Text(0,0.5,'Sellers')

From the figure above, we can see that HSBC Bank has an extraordinary good performance that nearly no loan came from HSBC Bank was default at the end. However, we must keep in mind that HSBC only sold a little more than 5 hundreds loans to Finnie Mae in this quater. This number is really small compared to other banks. The low default rate of HSBC's loan may be biased since the data amount of HSBC may be not enough.
Loans purchased from the following major banks have lower default rate than the overall market: JP Morgan Chase, Wells Fargo, First Tennesse Bank, PNC Bank, Citi Mortgage and Chase Home Finance. Considering that these banks are already large commercial banks, we were confident to say that these banks show stronger capability at risk management.
On the other hand, some major banks such as Bank of American performs worse than overall average. We suggest that Fannie Mae should reduce the number of loans purchased from these banks.
We also noticed an interesting phenomenon related to all the smaller banks that are not listed specifically in the dataset.
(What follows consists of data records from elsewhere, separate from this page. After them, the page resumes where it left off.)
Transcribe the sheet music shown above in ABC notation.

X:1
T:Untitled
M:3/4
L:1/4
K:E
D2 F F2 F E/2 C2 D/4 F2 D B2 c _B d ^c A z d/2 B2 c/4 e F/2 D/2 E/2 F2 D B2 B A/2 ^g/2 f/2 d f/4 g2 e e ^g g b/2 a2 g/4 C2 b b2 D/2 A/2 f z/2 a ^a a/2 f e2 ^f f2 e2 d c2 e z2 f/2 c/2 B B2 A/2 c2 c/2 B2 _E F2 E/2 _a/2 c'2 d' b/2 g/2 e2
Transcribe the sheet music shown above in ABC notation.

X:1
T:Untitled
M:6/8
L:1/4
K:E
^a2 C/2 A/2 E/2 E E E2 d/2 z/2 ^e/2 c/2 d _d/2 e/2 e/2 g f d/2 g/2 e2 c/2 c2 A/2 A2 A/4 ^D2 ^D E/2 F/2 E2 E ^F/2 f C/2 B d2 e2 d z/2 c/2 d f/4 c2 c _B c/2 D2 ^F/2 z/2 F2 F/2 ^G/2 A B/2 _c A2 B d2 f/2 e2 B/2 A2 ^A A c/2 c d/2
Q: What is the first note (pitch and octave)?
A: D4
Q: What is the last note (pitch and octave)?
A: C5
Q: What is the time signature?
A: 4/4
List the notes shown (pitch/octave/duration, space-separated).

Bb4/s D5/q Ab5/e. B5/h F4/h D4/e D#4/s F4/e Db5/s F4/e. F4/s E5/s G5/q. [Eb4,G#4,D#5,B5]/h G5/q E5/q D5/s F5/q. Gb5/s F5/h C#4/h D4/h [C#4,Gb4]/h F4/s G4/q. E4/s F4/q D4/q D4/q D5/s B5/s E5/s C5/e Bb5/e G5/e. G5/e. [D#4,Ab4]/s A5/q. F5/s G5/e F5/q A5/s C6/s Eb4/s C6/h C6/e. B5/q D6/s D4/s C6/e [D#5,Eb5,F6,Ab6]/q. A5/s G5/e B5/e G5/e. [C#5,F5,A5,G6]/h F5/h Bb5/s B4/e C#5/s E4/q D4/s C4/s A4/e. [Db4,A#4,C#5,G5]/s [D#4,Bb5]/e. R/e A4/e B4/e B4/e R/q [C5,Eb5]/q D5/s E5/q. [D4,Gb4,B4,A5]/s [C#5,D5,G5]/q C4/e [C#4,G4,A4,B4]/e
It can be seen that the average default rate of smaller banks are lower than all other major banks except HSBC. Our guess is that those smaller banks have more local connections to their customers and those connections help them know the borrowers better during mortgage application processes.

Conclusion for section 4.1¶

In summary, we have three advices for Fannie Mae.

1. Fannie Mae should give higher preference to the following large commercial banks: JP Morgan Chase, Wells Fargo, First Tennesse Bank, PNC Bank, Citi Mortgage and Chase Home Finance.
2. Fannie Mae should reduce number of loan purchased from the following banks: Amtrust Bank, GMAC Mortgage, Flagstar Capital, Bank of America and Suntrust Mortgage.
3. Fannie Mae should consider exploring more opportunities to work with smaller local banks.

4.2 Is there any difference at any features between good borrowers and bad borrowers??¶

To answer the quesion, we explore several features using box plots. In each sub plot, the blue box show the distribitnion of value of that in feature spanned by the default class, while the orange boxe show value spanned by the non-default class. For the sake of simplicity, we focused only on 6 numerical features: original interest rate, original unpaid principle, original LTV, original CLTV, debt to income rate and credit score.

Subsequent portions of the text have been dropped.